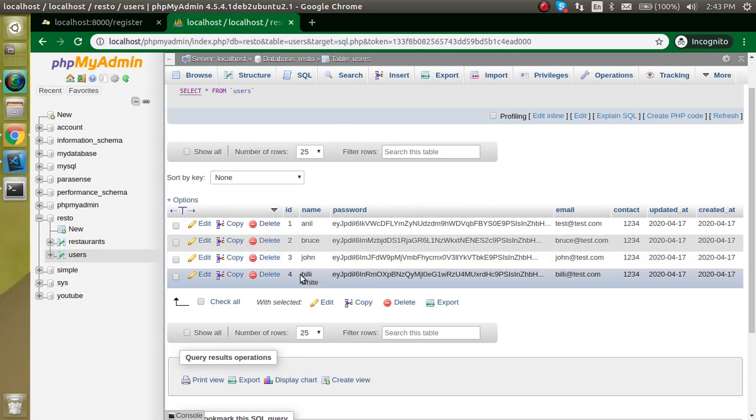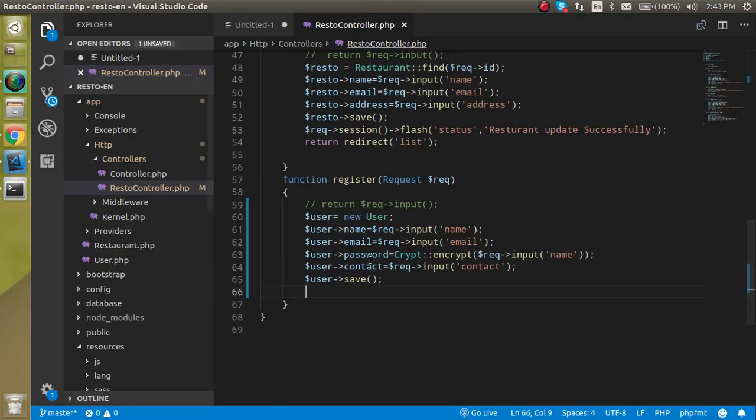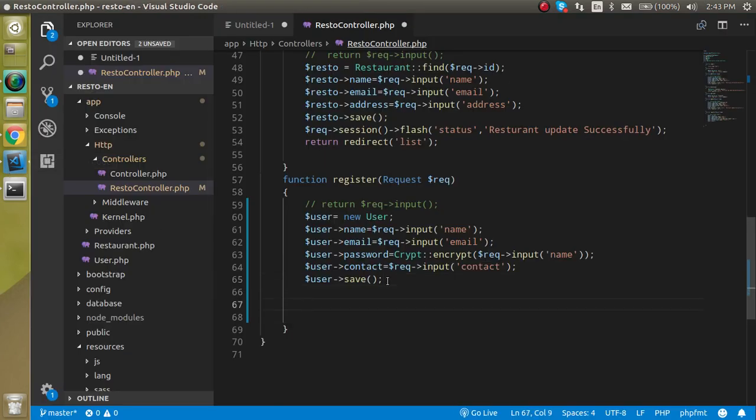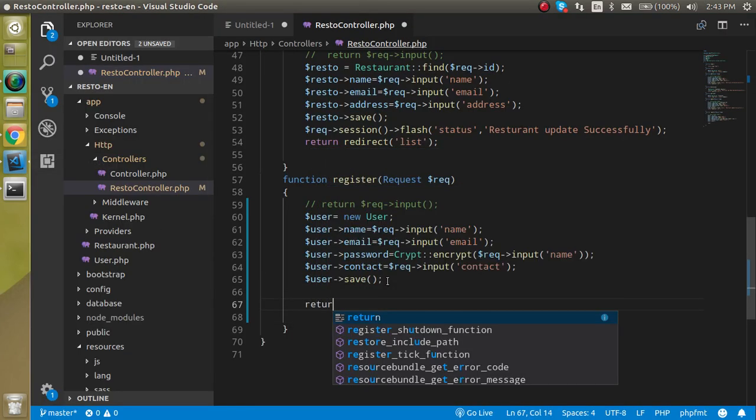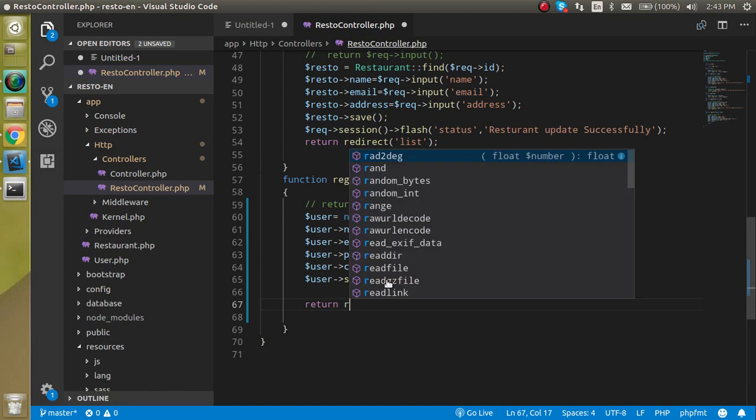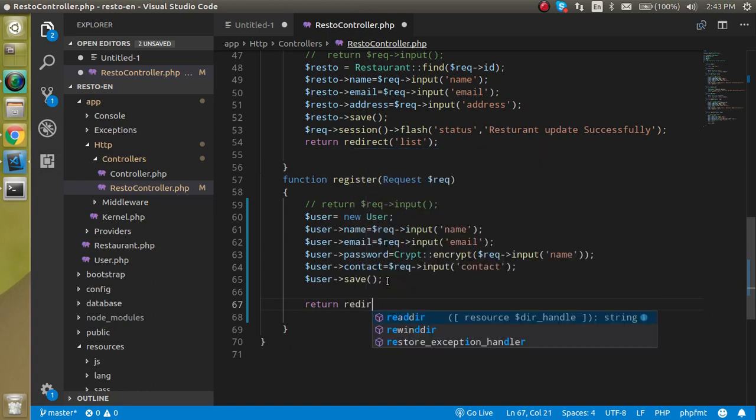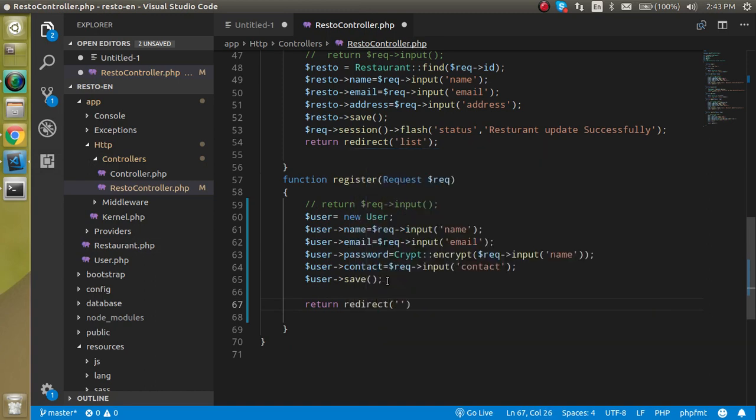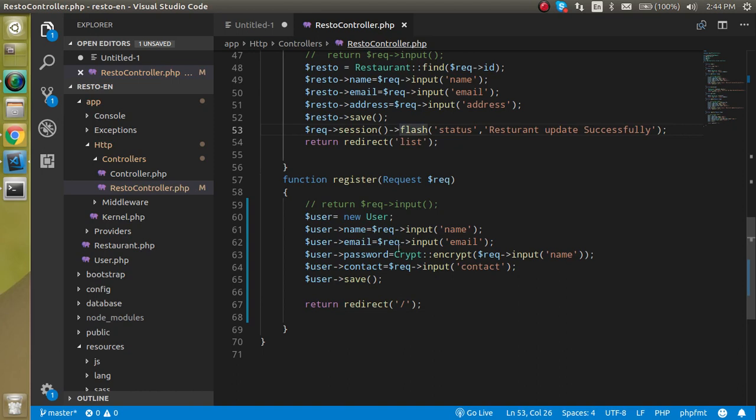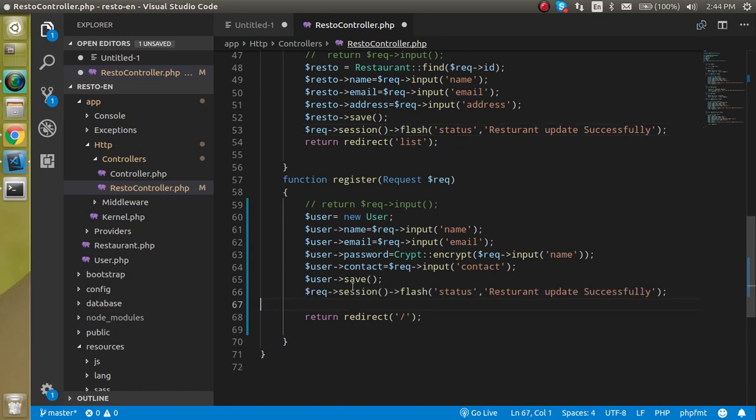Now you can see that Billy White is here, so that means this is working fine and we can redirect it now. Just return here redirect and redirect can be at the home page. We can make it directly like this.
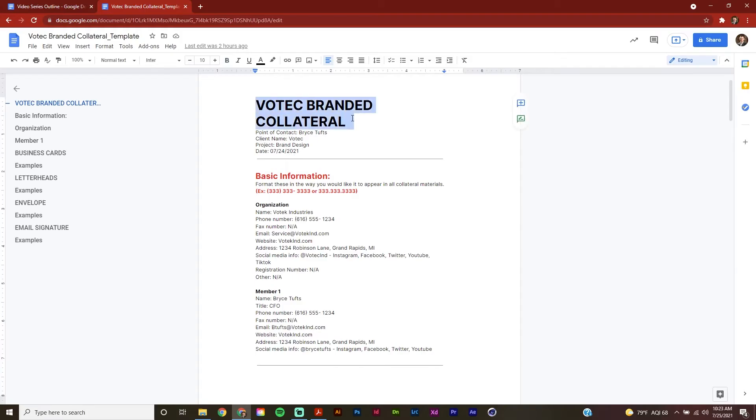This template should help give us a good idea of what our brand kit should look like before either designing it ourselves or handing it off to somebody else. If you downloaded the template from my website, it should look something like this. You can see at the top here I've added a section for a title and any information important for your project so you can keep track of where you're at.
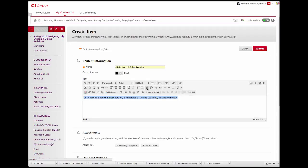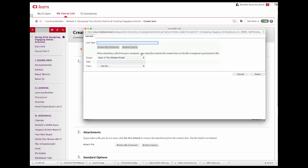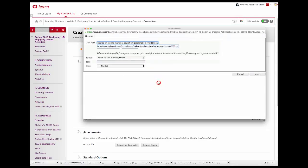In the toolbar, click the insert/edit link button. In the general window, paste the URL to your content in the link path box.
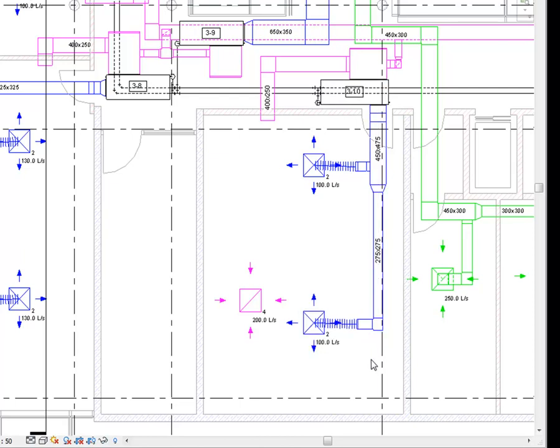When an element is selected, you can move it to a new location. Elements connected to the selected element will move along with it, maintaining the connection.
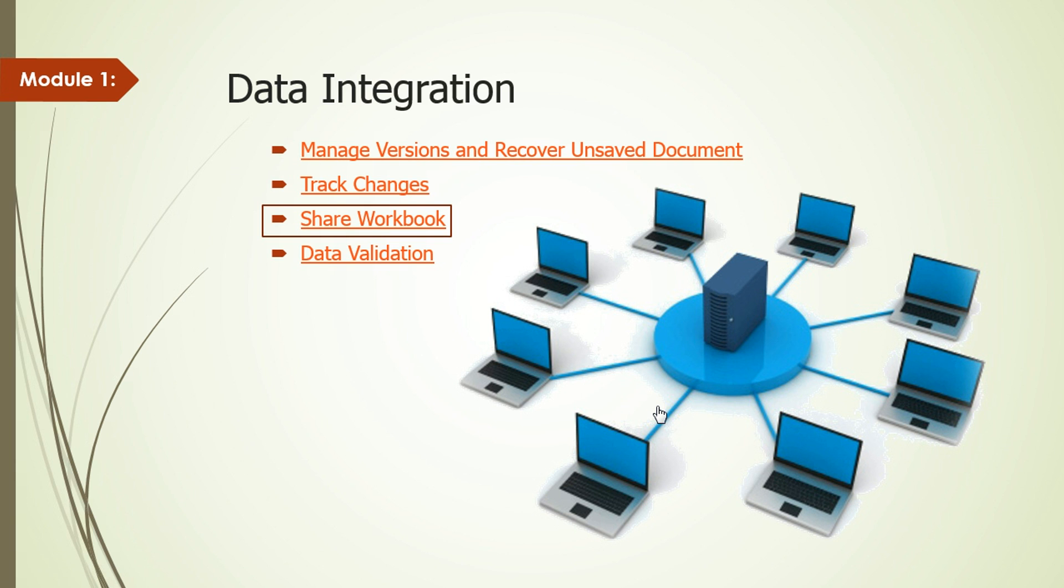Hey guys, welcome to Module 1 of Advanced Excel 2013. In the last video, we learned how to track changes. Now we're going to discuss how Shared Workbook works in Excel 2013.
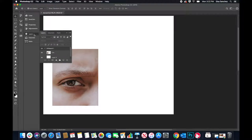Hi everyone, my name is Elisa Sanchez and I'm an Atobi Consultant here at the University of Arizona. Today we're going to paint with Photoshop.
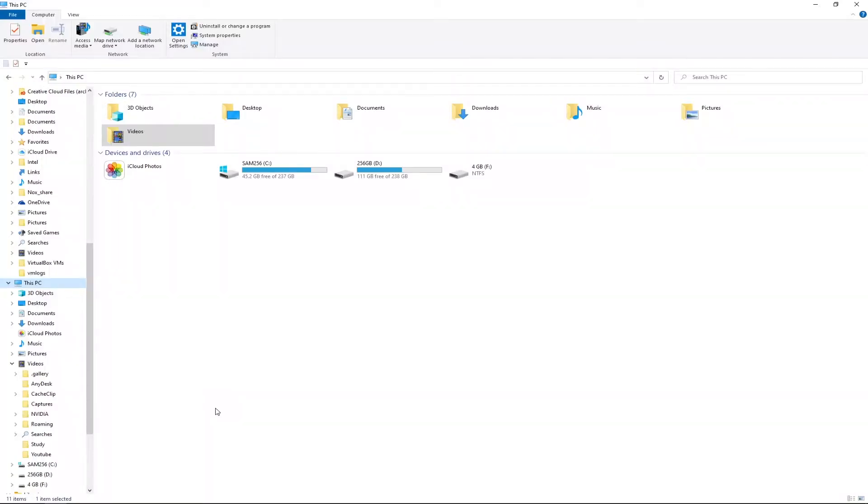Hey guys, this is How to Computer back again with another video. In this one my friends, I'm going to be showing you what to do when you just plugged in your hard drive but it is not coming up in File Explorer.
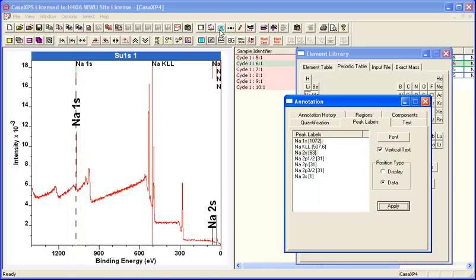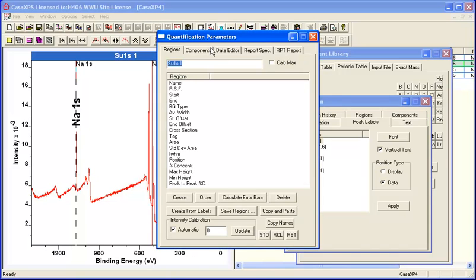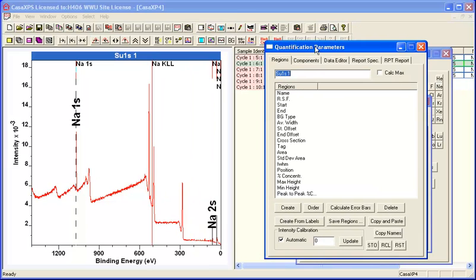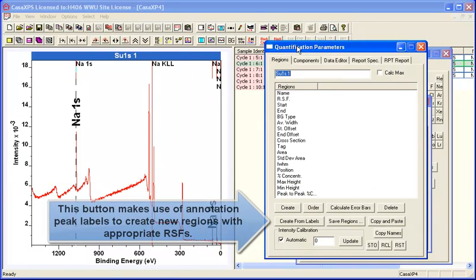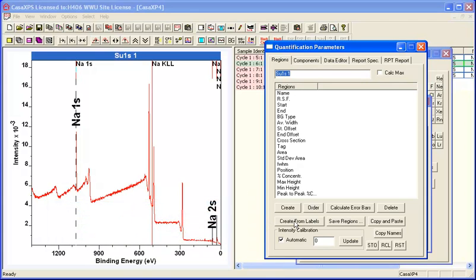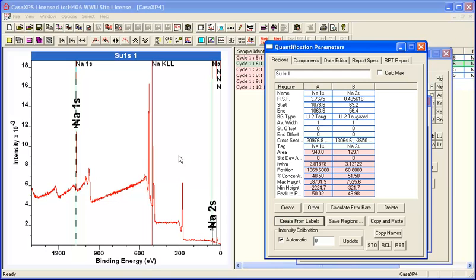When I bring up the quantification parameters dialog window, there's a button that says create from labels. Typically, you would only create one region per element to quantify how much sodium is present. But in this case, I want to verify that these peaks are comparable in this measurement, so I'm going to create a region on each one using create from labels.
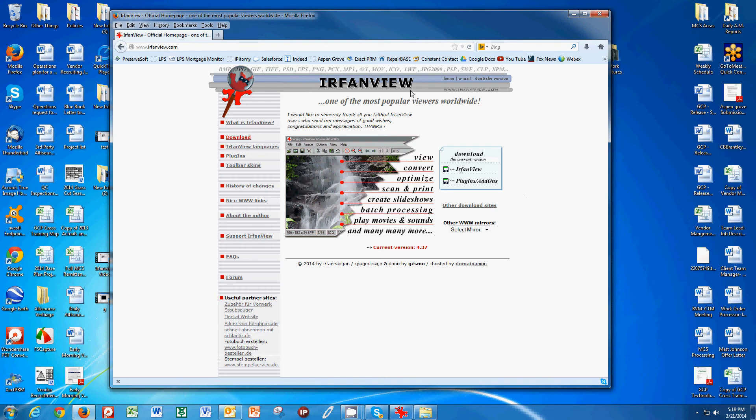This program is called IrfanView, I-R-F-A-N-V-I-E-W, IrfanView.com. There's a free download, and you'll want to download it and install it on your computer.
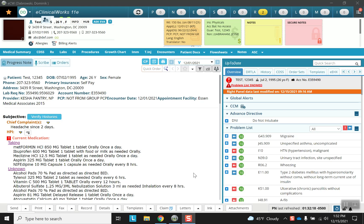Welcome back, everyone, to another eClinicalWorks teaching module. Today, we'll be covering the surgical history and hospitalizations, the family history, the social history, and we'll finish off with implants.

◆ What this task involves ◆
Word for word, repeat only the lines from the line containing "When an element" through the end of the data, without any pictures.

◆ Result ◆
When an element is selected, you can move it to a new location. Elements connected to the selected element will move along with it, maintaining the connection.
Hey guys, welcome to Module 1 of Advanced Excel 2013. In the last video, we learned how to track changes. Now we're going to discuss how Shared Workbook works in Excel 2013.
Hi everyone, my name is Elisa Sanchez and I'm an Atobi Consultant here at the University of Arizona. Today we're going to paint with Photoshop.
Hey guys, this is How to Computer back again with another video. In this one my friends, I'm going to be showing you what to do when you just plugged in your hard drive but it is not coming up in File Explorer.
When I bring up the quantification parameters dialog window, there's a button that says create from labels. Typically, you would only create one region per element to quantify how much sodium is present. But in this case, I want to verify that these peaks are comparable in this measurement, so I'm going to create a region on each one using create from labels.
This program is called IrfanView, I-R-F-A-N-V-I-E-W, IrfanView.com. There's a free download, and you'll want to download it and install it on your computer.
Welcome back, everyone, to another eClinicalWorks teaching module. Today, we'll be covering the surgical history and hospitalizations, the family history, the social history, and we'll finish off with implants.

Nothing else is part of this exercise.